ACTION ITEM: Below are some records. Quote exactly the lines from the one that contains "Jika ada seorang" through the last, both included, and leave out the pictures.
START EXERCISE DATA
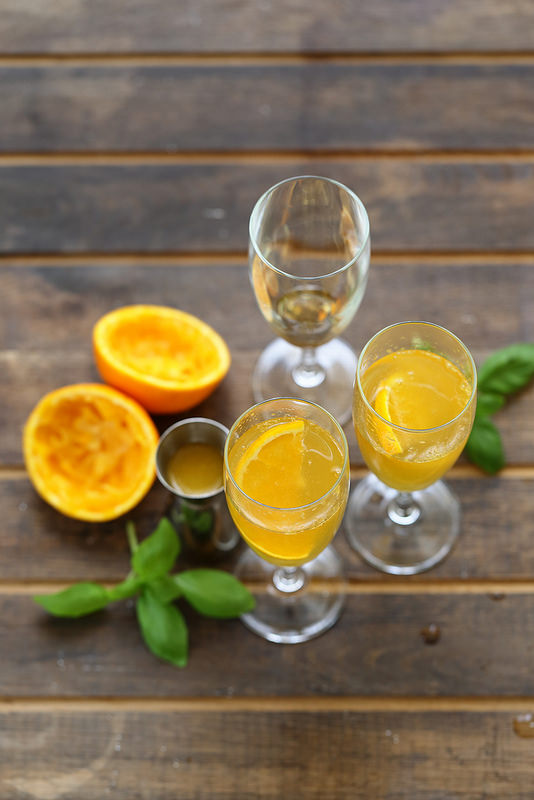 cocktail mimosa orange champagne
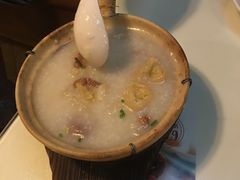 -新大咀港式茶餐厅(宝山万达店)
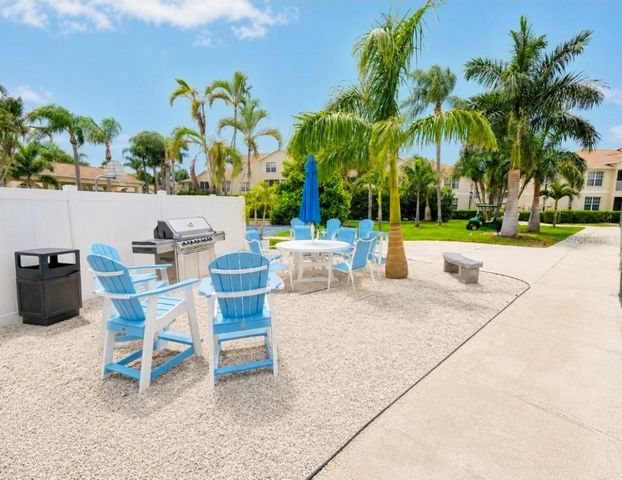 8360 WINGATE DRIVE 811, Sarasota, FL 34238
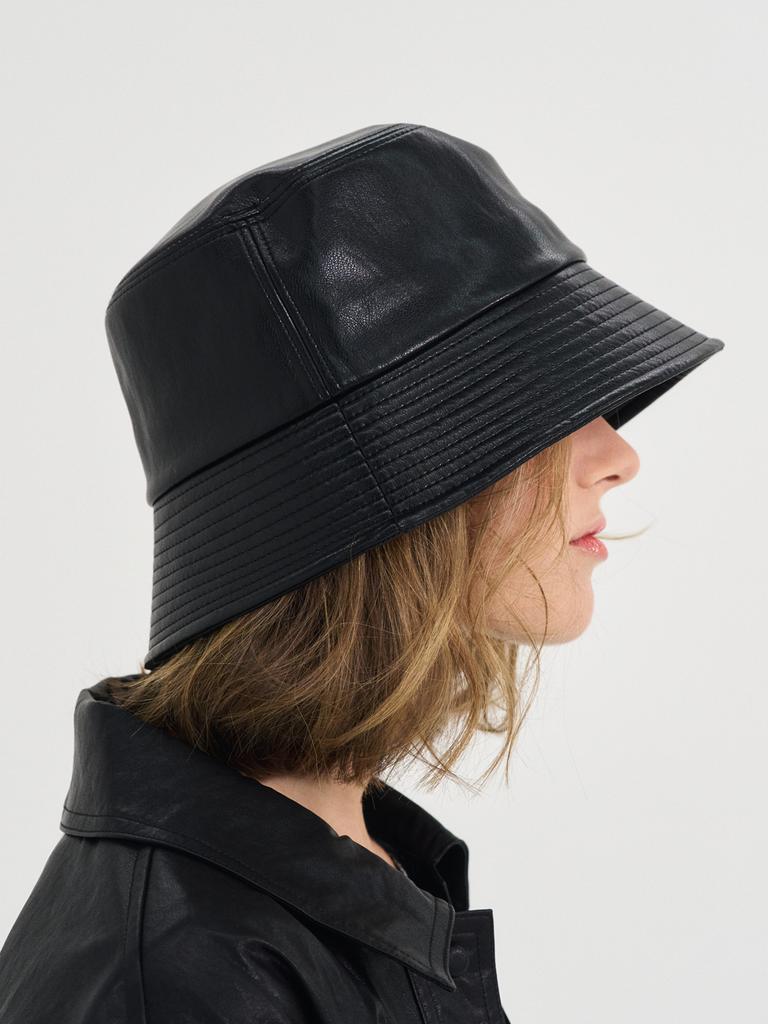 SORRY, TOO MUCH LOVE Faux Leather Bucket Hat_Black
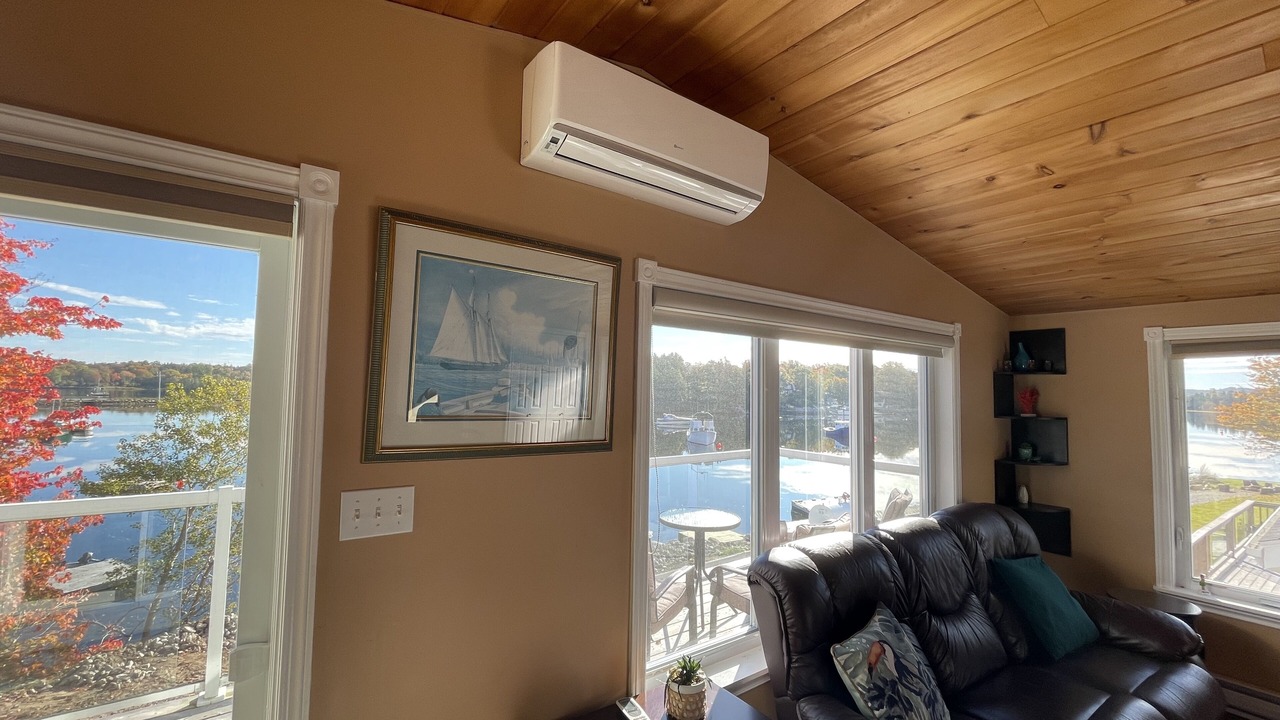 Photo of Livingroom in Todds Island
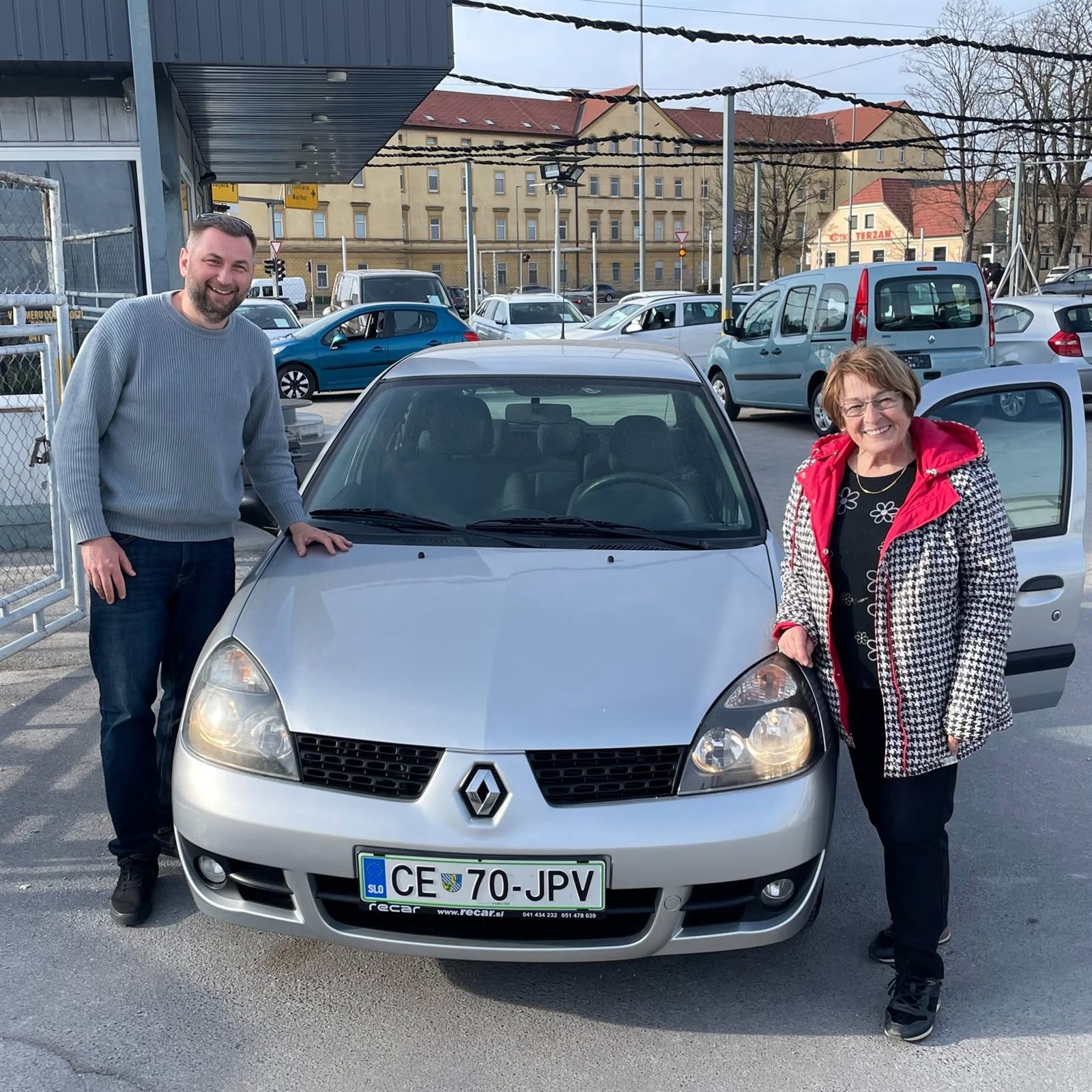 Zadovoljna stranka: Jožica je izbrala Renault Clio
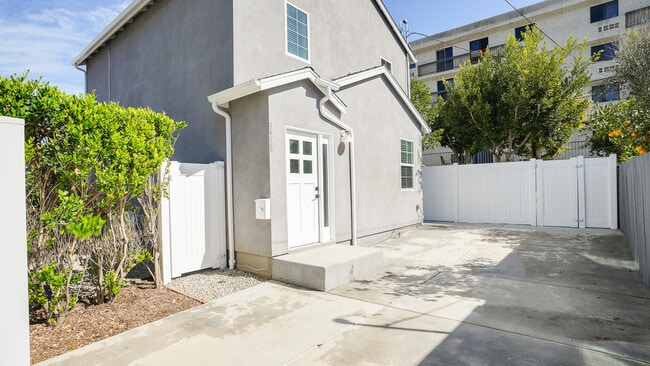 Photo - 3938 S Victoria Ave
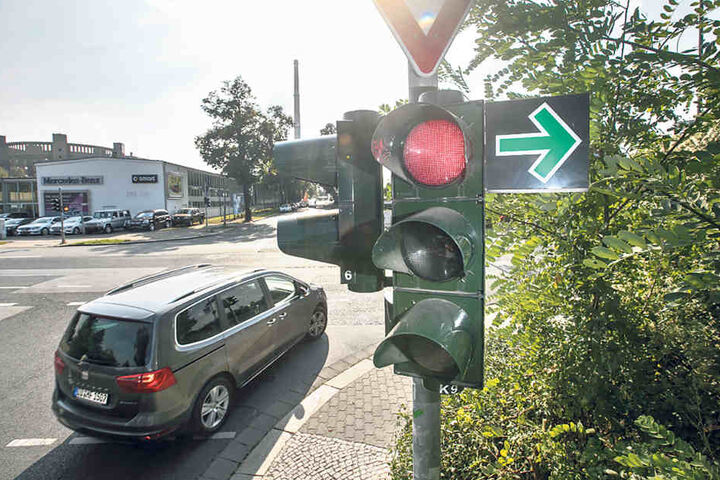 Auch an der Kreuzung Winterbergstraße/Liebstädter Straße kann seit 2015 trotz
Rot abgebogen werden.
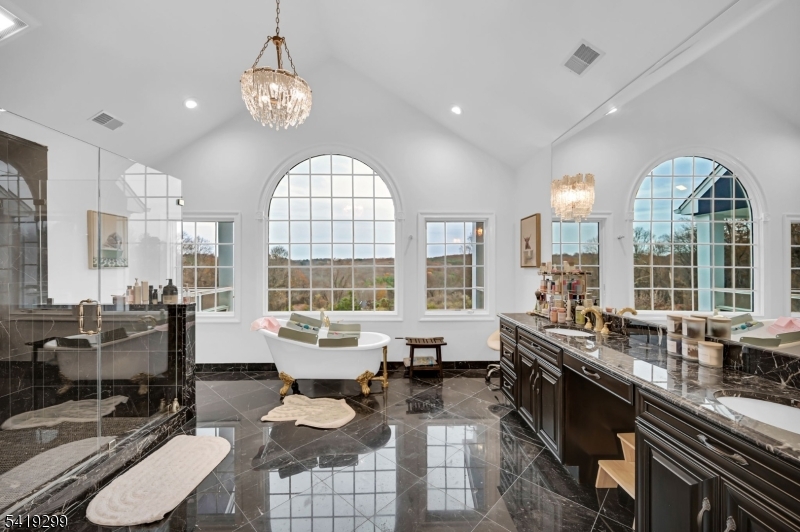 9 Wortman Way Chester, NJ 07930 - Photo 16 of 27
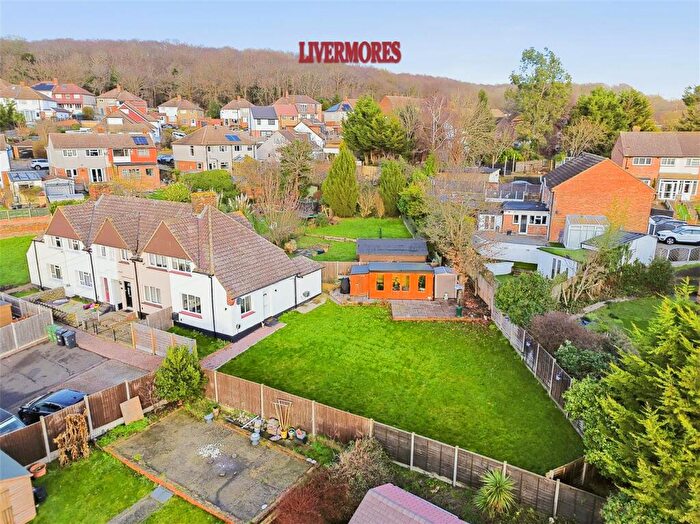 2 Bedroom End Of Terrace House For Sale In Hill Rise, Dartford, DA2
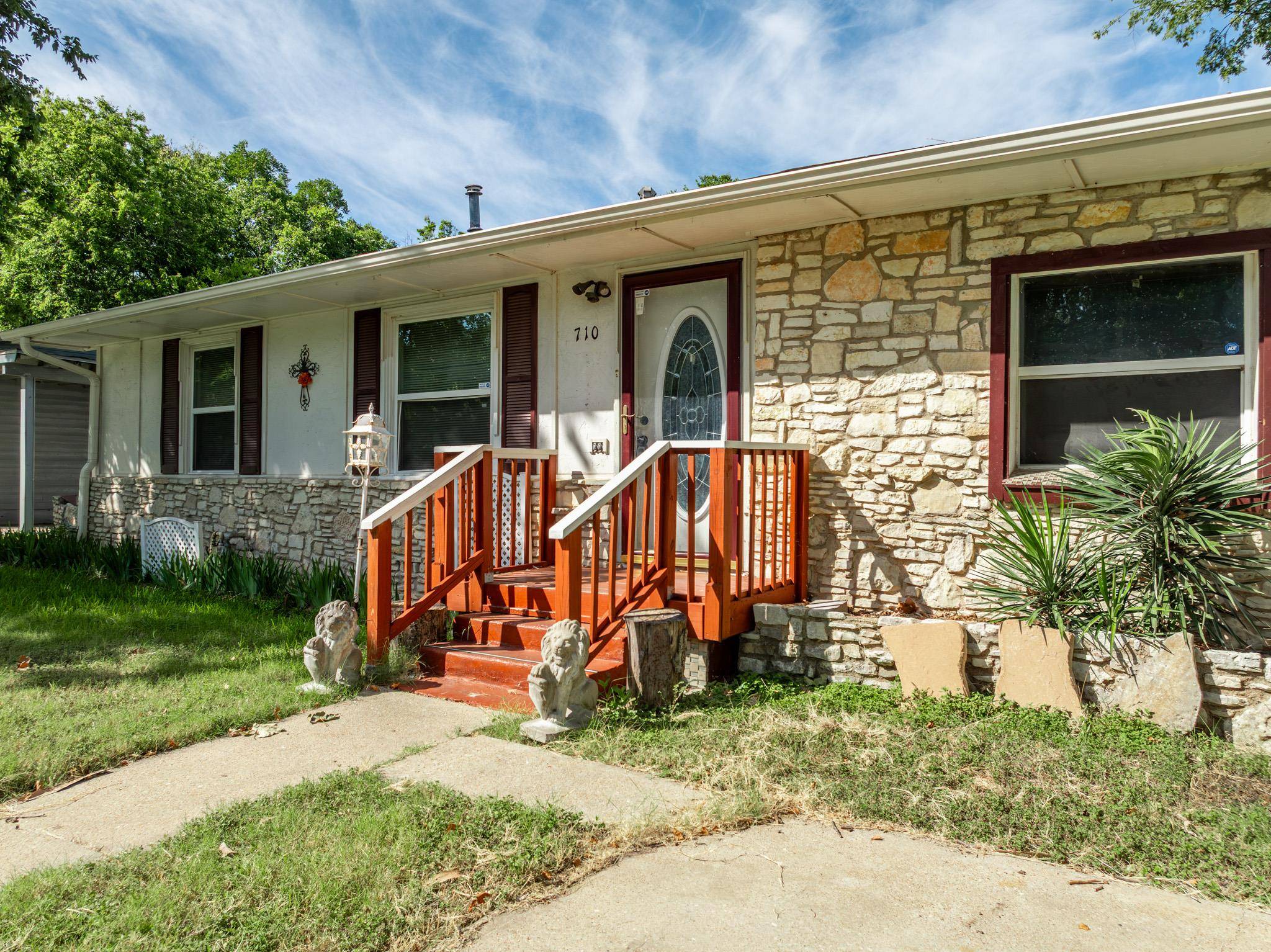 710 Mickan ST, Copperas Cove, TX 76522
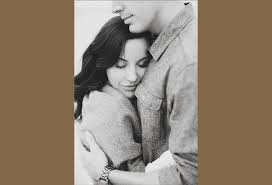 Jika ada seorang lelaki menangis di hadapanmu bukan berarti dia lemah. 22 Kata Kata Untuk Calon Suami Romantis Dan Penuh Harap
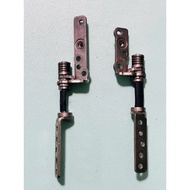 Samsung NT530U4C Laptop Hinge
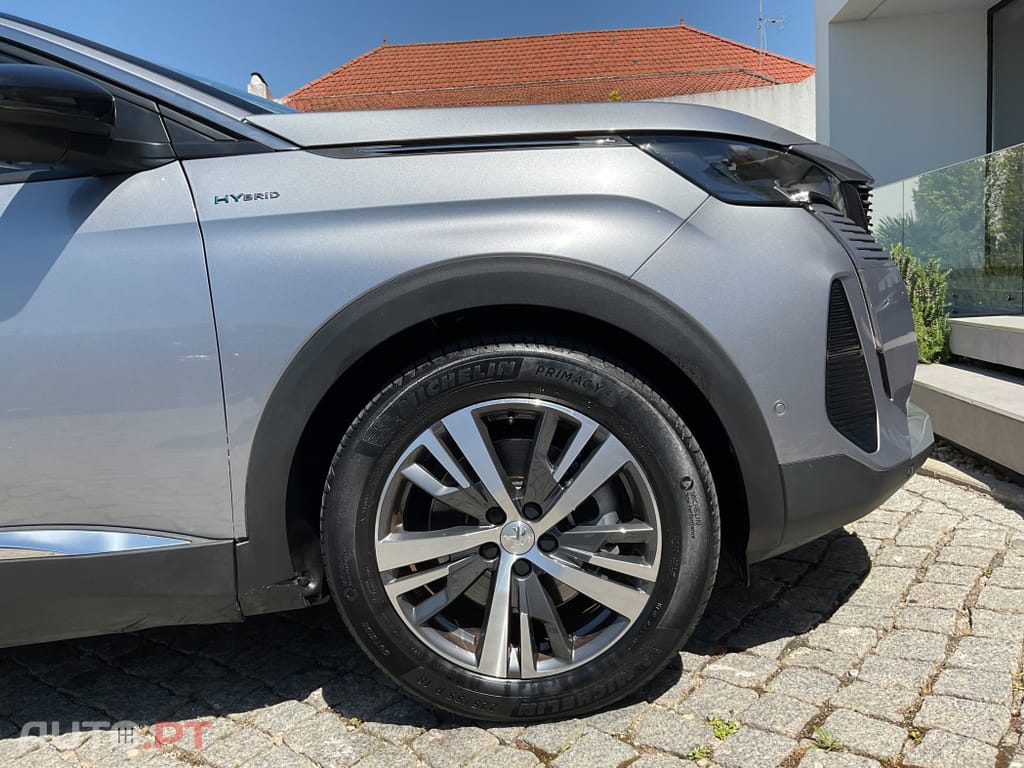 Peugeot 3008 1.6 Hybrid Allure e-EAT8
END EXERCISE DATA
OUTPUT OF THE TASK:
 Jika ada seorang lelaki menangis di hadapanmu bukan berarti dia lemah. 22 Kata Kata Untuk Calon Suami Romantis Dan Penuh Harap
 Samsung NT530U4C Laptop Hinge
 Peugeot 3008 1.6 Hybrid Allure e-EAT8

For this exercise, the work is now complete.